As such, Justice Rubin concluded in his verdict that the three men should receive the rightful retribution they deserved for their greed-driven and cold-blooded actions, hence he imposed the death penalty on the three men after convicting them of the murder of Koh Ngiap Yong.

The guilty verdict of death for the three robbers also meant that both Wan Kamil and Ibrahim would hang for Sathick’s murder as well. Alternatively, even if their above defences were successful and they escaped the death sentence for Koh’s murder, Wan Kamil and Ibrahim would not escape from the gallows for Sathick’s murder as they would also receive the death sentence for committing armed robbery with an unlicensed firearm and illegally discharging a firearm resulting in death or injury under the Arms Offences Act of Singapore. Still, because the men were already being sentenced to execution for Koh's murder, they would not face another trial for Sathick's murder despite committing it.

==Appeal==

After the end of their trial and sentencing, all three men - Wan Kamil bin Mohamed Shafian, Ibrahim bin Mohamed and Rosli bin Ahmat - submitted their appeals to the Court of Appeal of Singapore against their death sentences and convictions. However, in midst of the appeal hearing, Wan Kamil decided to withdraw his appeal, which finalized his death sentence while the other two continued on.

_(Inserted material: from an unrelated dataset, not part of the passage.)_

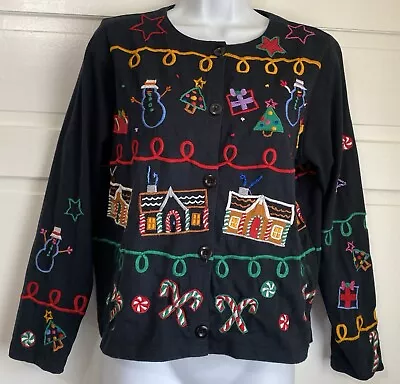 Vintage Michael Simon Lite Festive Christmas Sweater Embroidered Holidays Small • $49.99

For his appeal, Rosli argued through his lawyer that he should not be guilty of murder as he was forced and coerced into doing so under the directions of Wan Kamil and there was no intention to cause Koh's death, thereby repeating his defence raised in his trial in the High Court. Ibrahim, meanwhile, insisted in his appeal that he only acted as driver and never knew that Rosli would kill Koh when he dragged the man into the bushes, which was also repetitive of the case put forward by his own defence counsel.

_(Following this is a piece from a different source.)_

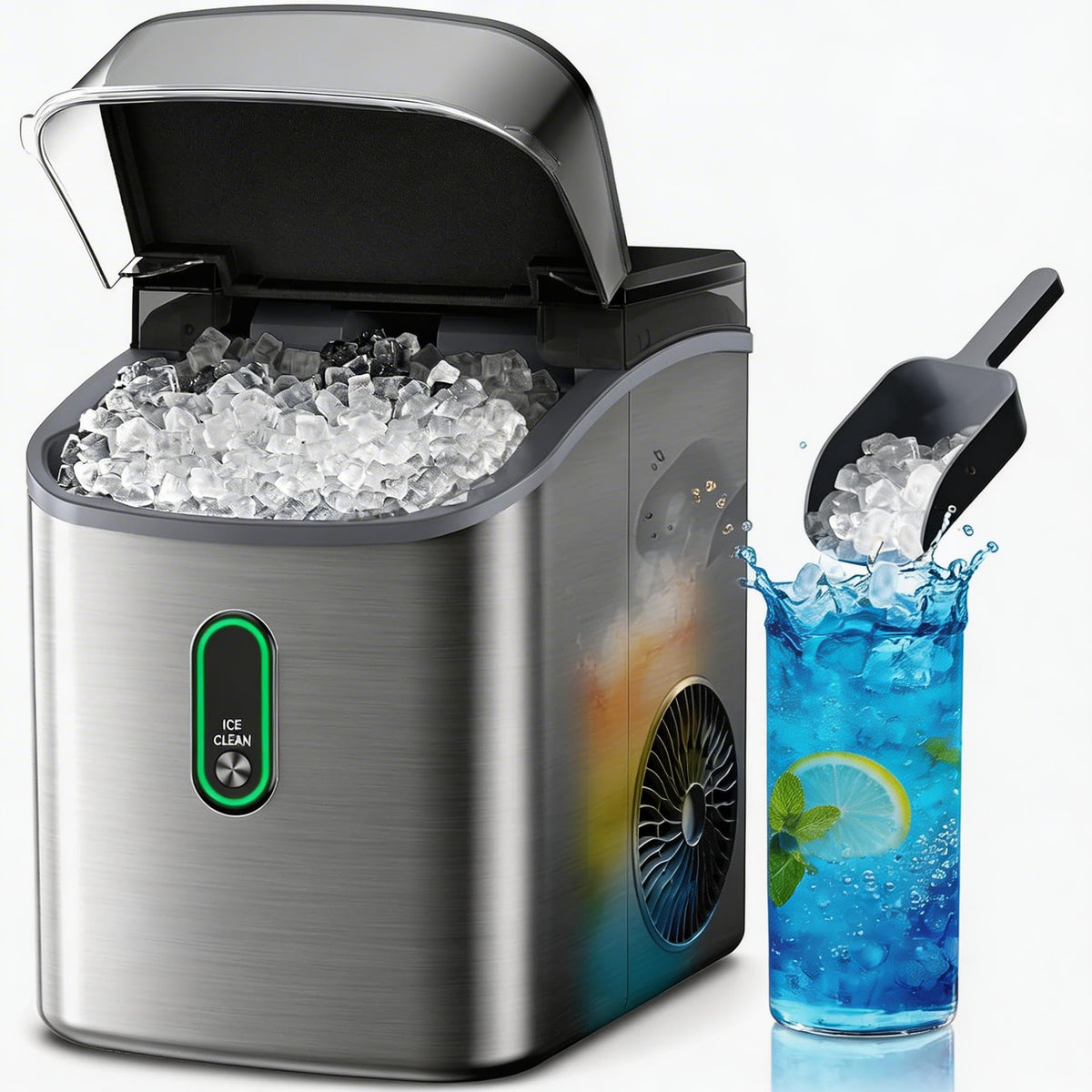 Silonn Ice Maker Countertop, 8 Bullet Ice Cubes in 6 Mins, 26.5 Lbs per Day, 2 Size Options, Self-Cleaning & Portable for Kitchen, Office, Party, RV Camping Jansha Store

On 18 February 2002, both Rosli's and Ibrahim's appeals were dismissed by the three-judge Court of Appeal. The three judges - Chief Justice Yong Pung How, High Court judge Tan Lee Meng and Judge of Appeal Chao Hick Tin - were agreeable to the original trial judge Rubin’s contention that the three men were guilty based on the legal context of common intention, given that Rosli’s stabbing of the victim was in line with the trio’s intention to rob Koh regardless of their roles and in view of their awareness that weapons would be used to commit the crime and cause hurt, and that Rosli’s guilt of murder was legally established by his intention to inflict the fatal injuries on Koh that were sufficient to cause death. For this, the Court of Appeal rejected both the men's appeals and thus further sentenced both Rosli and Ibrahim to be executed for the murders of Koh Ngiap Yong and Jahabar Sathick.

==Executions==
On 25 October 2002, all three men - Ibrahim bin Mohamed, Rosli bin Ahmat, and Wan Kamil bin Mohamed Shafian were hanged in Changi Prison. The three men were among the five executed on that Friday morning itself; two drug traffickers were executed at around the same timing as Wan Kamil, Ibrahim and Rosli.

In the aftermath of their executions, Singaporean crime show Crimewatch re-enacted the case of Koh’s murder, as well as Sathick’s murder during the second armed robbery and the process of investigations that led to the trio’s arrests and their convictions for the fatal robberies. The case was also one of the famous high-profile cases solved by police investigator Richard Lim Beng Gee, who would later retire in 2003 and eventually die from a heart attack on 16 January 2016 at the age of 65.

A 2021 article from The Smart Local named the murder of Koh Ngiap Yong as one of the 9 most terrible crimes that brought shock to Singapore in the 2000s.